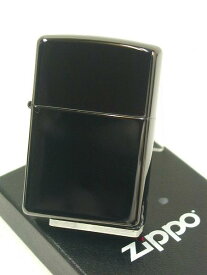 ジッポーライター： Zippo エボニー 【黒漆】 Ebony // プレーン // #24756 【レギュラー】 ブラック 無地 純正 定番 ☆光沢!!☆ 【あす楽対応】 【楽ギフ_包装】 【母の日】 【父の日】 【ジッポ】 【ジッポー】 【ライター】 【ダルマヤ】 【人気商品】 送料無料 送料込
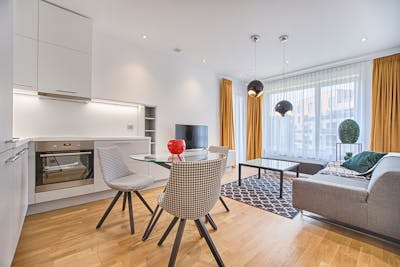 Furniture gallery image 1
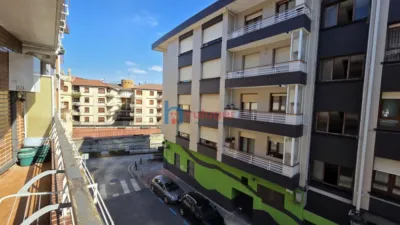 Apartment in Gernika-Lumo photo 24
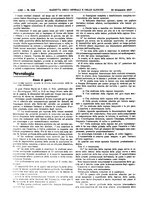 giornale/UM10002936/1917/V.38.2/00000982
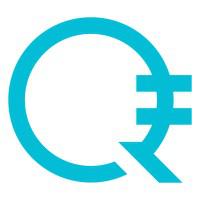 Company Profile Logo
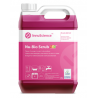 NU-BIO SCRUB POUR PISTOLET RSG 2L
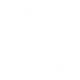 CII-white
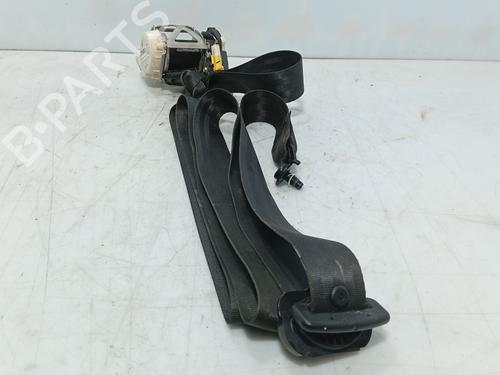 Used Front right seatbelt Front right seatbelt FIAT BRAVO II (198_) 1.6 D Multijet (198AXH1B) (105 hp) 36453426 36453426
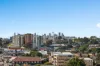 803/395 Princes Highway, Rockdale, NSW 2216-Image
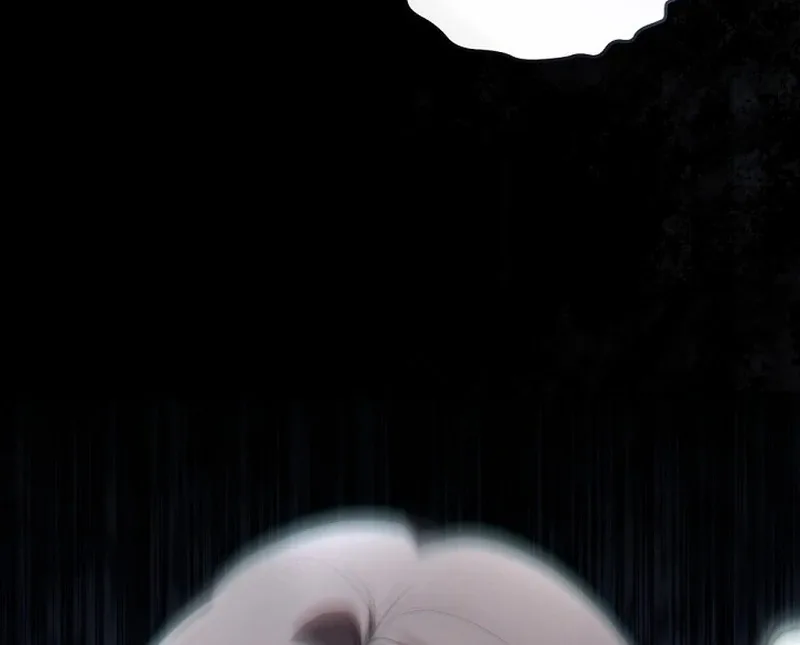 The 139th Night Chapter 13 page 13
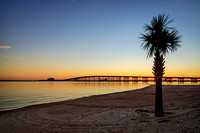 MS Gulf Coast Area Pics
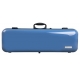 GEWA VIOLIN CASE AIR 2.1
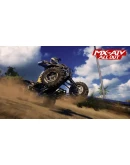 MX vs ATV All Out TR Steam КЛЮЧ ТУРЦИЯ MX vs ATV All Out TR Steam КЛЮЧ ТУРЦИЯ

▶ [Work task]: Make an exact copy of the records shown above, without the pictures.

▶ [Answer]:
 ジッポーライター： Zippo エボニー 【黒漆】 Ebony // プレーン // #24756 【レギュラー】 ブラック 無地 純正 定番 ☆光沢!!☆ 【あす楽対応】 【楽ギフ_包装】 【母の日】 【父の日】 【ジッポ】 【ジッポー】 【ライター】 【ダルマヤ】 【人気商品】 送料無料 送料込
 Furniture gallery image 1
 Apartment in Gernika-Lumo photo 24
 giornale/UM10002936/1917/V.38.2/00000982
 Company Profile Logo
 NU-BIO SCRUB POUR PISTOLET RSG 2L
 CII-white
 Used Front right seatbelt Front right seatbelt FIAT BRAVO II (198_) 1.6 D Multijet (198AXH1B) (105 hp) 36453426 36453426
 803/395 Princes Highway, Rockdale, NSW 2216-Image
 The 139th Night Chapter 13 page 13
 MS Gulf Coast Area Pics
 GEWA VIOLIN CASE AIR 2.1
 MX vs ATV All Out TR Steam КЛЮЧ ТУРЦИЯ MX vs ATV All Out TR Steam КЛЮЧ ТУРЦИЯ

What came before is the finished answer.